Jane Berry has New York roots with Kentucky fruits. She is originally from Niagara Falls, NY, but has grown up and lived most of her life in Kentucky. She currently resides in Lexington with her cats Toby and Grace. She is a technical assistant with a managed-care services company, and she enjoys reading and writing, African drumming, and of course, cats.
I had no idea what I was getting into when my roommate and I drove to a town outside our city in response to a Craigslist ad. Much earlier, some lady’s husband was supposed to get their cat spayed, but before he did, she escaped for a little rendezvous with the neighbor’s Russian Blue. It was not a welcome mistake for them, but it turned out to be the best “oops” for me. After handling one little bundle of energy and deciding he was too squirmy for me, I picked up the smaller of the two males and decided he was for keeps.
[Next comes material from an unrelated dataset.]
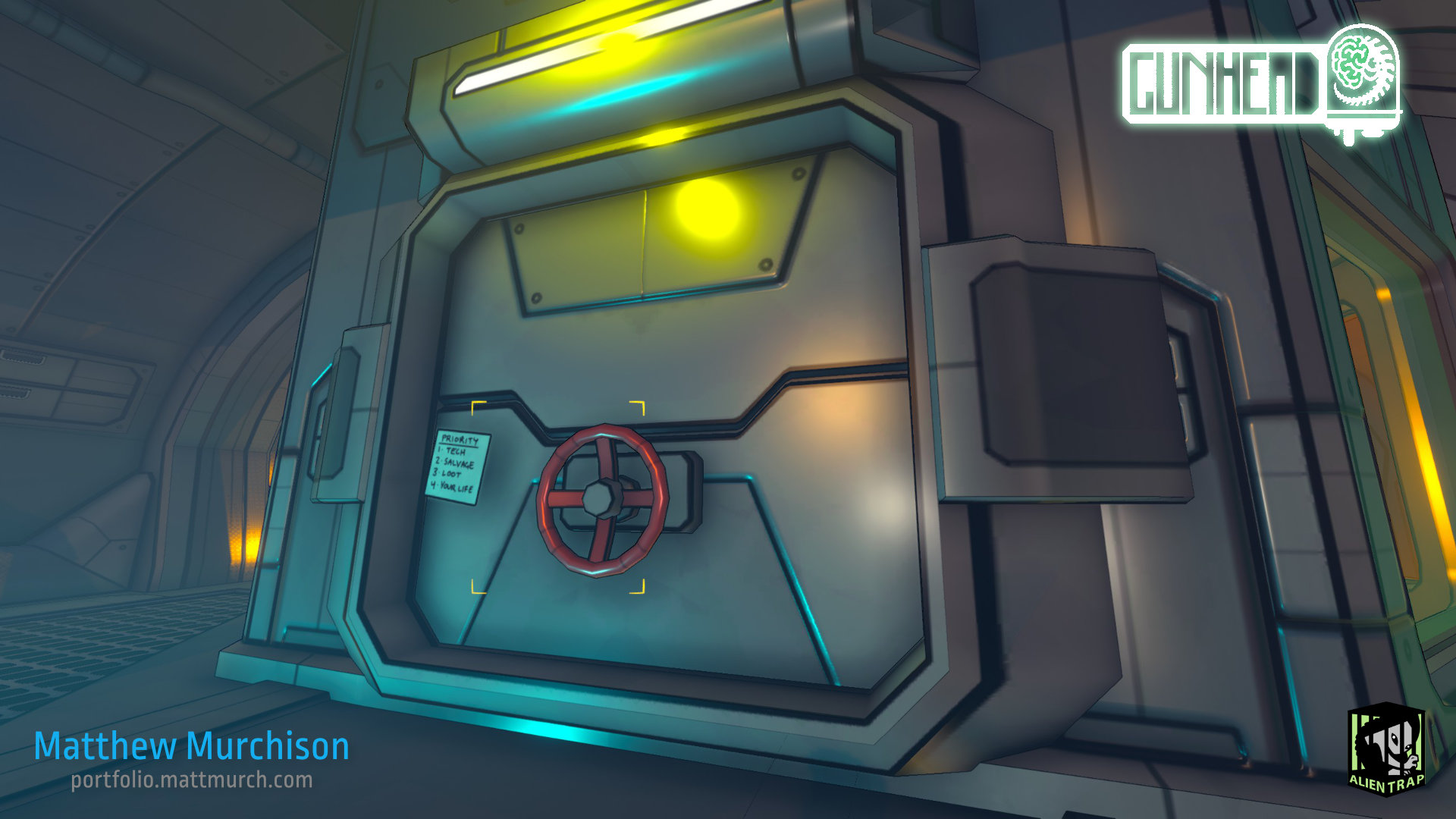 Gunhead Airlock  Door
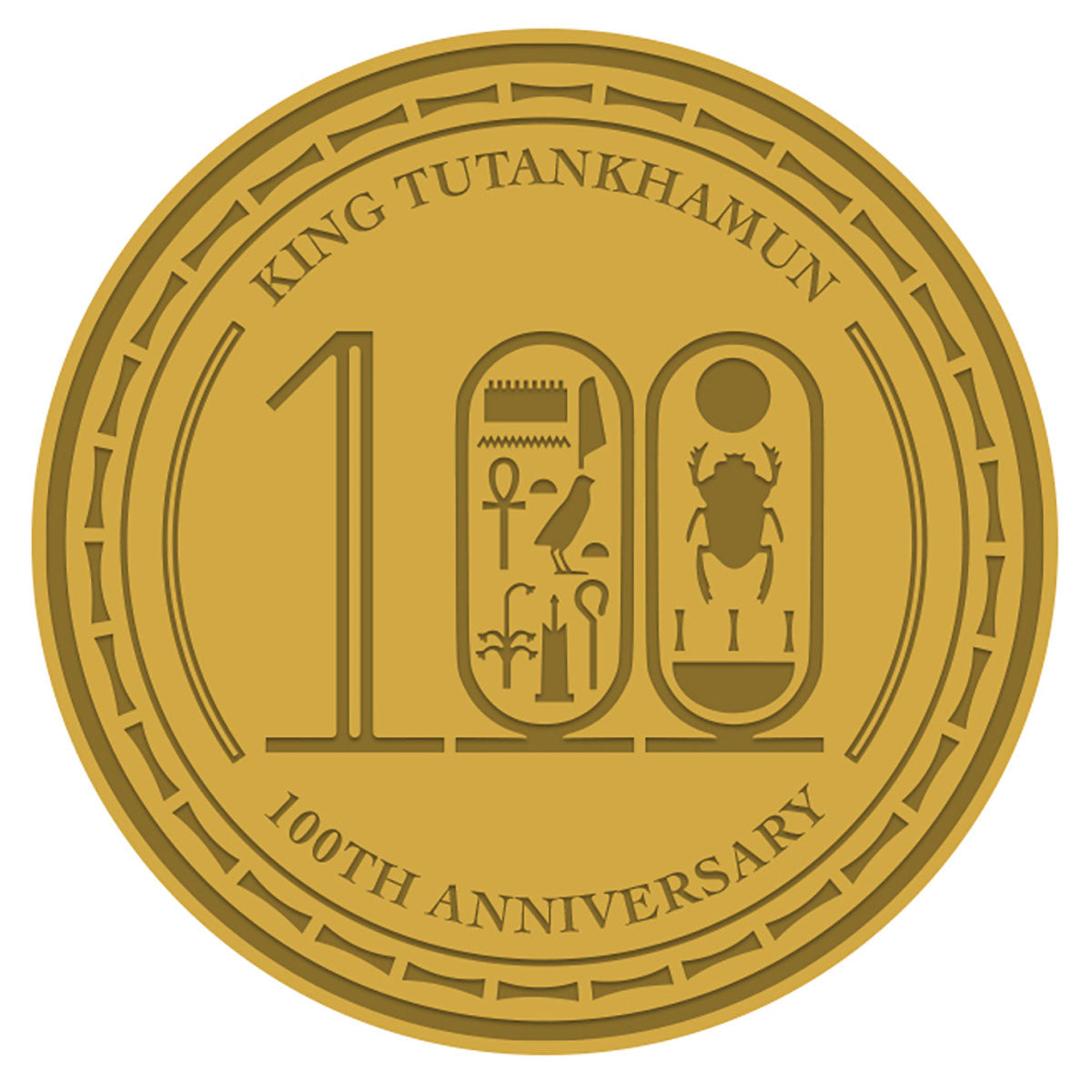 100th Anniversary Coin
It didn’t take long for a name to pop into my mind: Tobias. It sounded regal and fit my newfound gray pal’s earnest little face. I could tell he would look stately when he got older, but he didn’t really click with Tobias. I didn’t know what it meant, anyway, so with a few clicks of a mouse I found Tobias meant "God is good" (a nice little serendipitous moment). I’d heard from somewhere that cats respond well to names ending in an "ee" sound, so both of us seemed quite fine with the variation Toby.
I also researched Russian Blues, and though he is half Blue, he is all Blue at heart. Both the physical and the personality traits are the things that I love to my core about Toby. I could gush all day about his nuances, and how I love to study him while I pet or hold him.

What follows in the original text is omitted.